__Collected data__:
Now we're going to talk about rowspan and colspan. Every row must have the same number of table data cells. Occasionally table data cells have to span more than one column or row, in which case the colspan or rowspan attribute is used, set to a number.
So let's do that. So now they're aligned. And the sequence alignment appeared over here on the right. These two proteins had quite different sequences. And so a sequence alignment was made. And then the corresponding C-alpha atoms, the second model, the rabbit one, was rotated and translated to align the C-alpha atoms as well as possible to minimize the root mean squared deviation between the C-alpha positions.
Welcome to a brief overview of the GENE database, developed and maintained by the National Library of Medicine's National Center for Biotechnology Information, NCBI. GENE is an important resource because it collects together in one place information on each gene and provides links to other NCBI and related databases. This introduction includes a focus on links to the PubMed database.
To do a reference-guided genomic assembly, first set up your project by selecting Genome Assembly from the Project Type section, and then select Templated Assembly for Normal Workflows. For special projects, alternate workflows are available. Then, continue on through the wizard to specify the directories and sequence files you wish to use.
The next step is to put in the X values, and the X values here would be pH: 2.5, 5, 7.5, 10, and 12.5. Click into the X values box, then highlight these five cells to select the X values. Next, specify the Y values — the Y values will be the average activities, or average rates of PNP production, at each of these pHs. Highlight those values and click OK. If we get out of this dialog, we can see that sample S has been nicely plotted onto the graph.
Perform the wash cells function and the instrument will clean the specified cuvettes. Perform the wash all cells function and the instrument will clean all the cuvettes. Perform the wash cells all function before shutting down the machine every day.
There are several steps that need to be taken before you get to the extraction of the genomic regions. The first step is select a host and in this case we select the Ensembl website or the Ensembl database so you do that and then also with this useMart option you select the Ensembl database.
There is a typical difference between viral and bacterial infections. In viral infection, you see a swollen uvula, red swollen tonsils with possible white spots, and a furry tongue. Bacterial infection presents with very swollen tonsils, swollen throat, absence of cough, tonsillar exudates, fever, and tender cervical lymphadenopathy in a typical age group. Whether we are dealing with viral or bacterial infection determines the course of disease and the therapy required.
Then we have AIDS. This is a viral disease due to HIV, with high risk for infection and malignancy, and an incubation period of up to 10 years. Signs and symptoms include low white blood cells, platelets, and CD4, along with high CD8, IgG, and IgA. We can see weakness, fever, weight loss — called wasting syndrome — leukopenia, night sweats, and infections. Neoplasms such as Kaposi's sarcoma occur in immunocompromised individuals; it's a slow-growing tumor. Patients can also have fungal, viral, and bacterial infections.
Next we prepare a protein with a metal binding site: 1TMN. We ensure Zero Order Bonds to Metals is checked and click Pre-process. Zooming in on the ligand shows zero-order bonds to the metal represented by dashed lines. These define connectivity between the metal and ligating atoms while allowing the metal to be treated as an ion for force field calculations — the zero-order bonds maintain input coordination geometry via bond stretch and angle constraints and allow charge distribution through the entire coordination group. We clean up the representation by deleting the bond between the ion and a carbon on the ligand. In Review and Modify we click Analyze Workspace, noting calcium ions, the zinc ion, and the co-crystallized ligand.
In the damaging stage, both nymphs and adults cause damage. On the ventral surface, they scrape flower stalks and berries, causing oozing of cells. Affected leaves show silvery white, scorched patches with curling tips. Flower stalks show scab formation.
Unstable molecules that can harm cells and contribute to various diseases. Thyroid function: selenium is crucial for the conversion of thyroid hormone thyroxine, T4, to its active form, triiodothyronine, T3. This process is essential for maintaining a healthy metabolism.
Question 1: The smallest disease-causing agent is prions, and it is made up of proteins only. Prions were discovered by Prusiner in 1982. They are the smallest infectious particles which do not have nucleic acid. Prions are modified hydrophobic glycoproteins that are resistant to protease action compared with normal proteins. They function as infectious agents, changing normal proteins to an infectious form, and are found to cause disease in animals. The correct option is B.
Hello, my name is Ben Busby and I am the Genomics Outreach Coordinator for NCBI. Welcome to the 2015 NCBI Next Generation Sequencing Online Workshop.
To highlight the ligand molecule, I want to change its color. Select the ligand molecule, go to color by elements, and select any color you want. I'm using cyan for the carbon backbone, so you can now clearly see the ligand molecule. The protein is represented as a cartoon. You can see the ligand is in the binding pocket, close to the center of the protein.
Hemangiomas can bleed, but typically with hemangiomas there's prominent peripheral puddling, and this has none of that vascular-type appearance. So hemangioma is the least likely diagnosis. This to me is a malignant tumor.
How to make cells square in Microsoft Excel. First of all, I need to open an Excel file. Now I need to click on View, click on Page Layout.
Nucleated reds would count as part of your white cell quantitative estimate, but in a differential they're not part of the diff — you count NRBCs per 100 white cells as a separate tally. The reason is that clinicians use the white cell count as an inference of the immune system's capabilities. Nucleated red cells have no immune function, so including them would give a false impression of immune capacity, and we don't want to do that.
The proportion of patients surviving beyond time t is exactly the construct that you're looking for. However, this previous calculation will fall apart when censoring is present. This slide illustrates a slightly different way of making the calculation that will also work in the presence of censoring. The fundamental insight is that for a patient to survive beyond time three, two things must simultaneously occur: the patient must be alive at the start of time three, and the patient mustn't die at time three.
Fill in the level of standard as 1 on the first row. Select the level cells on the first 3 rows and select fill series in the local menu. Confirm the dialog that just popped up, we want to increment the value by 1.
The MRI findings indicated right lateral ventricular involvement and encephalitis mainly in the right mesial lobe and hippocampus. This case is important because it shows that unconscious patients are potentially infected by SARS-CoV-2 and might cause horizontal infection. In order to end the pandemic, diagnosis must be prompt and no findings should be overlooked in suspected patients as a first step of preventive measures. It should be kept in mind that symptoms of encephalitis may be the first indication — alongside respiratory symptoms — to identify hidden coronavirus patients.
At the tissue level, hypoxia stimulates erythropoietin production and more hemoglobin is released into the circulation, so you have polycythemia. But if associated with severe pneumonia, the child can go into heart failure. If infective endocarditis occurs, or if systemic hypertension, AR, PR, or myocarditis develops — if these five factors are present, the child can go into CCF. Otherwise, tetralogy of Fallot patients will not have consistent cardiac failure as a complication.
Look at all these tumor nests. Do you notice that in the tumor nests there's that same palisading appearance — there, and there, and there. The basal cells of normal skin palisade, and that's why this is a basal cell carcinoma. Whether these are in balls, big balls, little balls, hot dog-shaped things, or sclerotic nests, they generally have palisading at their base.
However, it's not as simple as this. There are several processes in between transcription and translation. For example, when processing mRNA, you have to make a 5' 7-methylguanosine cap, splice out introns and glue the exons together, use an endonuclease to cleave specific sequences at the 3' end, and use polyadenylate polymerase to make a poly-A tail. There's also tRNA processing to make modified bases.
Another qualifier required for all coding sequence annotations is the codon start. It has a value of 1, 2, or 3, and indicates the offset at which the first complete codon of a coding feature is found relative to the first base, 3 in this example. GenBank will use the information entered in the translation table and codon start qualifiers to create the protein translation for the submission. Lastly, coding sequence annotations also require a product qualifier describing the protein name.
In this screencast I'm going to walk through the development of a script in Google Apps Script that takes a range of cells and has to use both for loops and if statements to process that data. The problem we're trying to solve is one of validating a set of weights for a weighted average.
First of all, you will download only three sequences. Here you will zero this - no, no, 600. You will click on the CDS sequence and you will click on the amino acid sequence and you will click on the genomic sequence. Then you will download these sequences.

__Task requirements__: Find each line in the records above that contains "Welcome", and copy it.

__Answer box__:
Welcome to a brief overview of the GENE database, developed and maintained by the National Library of Medicine's National Center for Biotechnology Information, NCBI. GENE is an important resource because it collects together in one place information on each gene and provides links to other NCBI and related databases. This introduction includes a focus on links to the PubMed database.
Hello, my name is Ben Busby and I am the Genomics Outreach Coordinator for NCBI. Welcome to the 2015 NCBI Next Generation Sequencing Online Workshop.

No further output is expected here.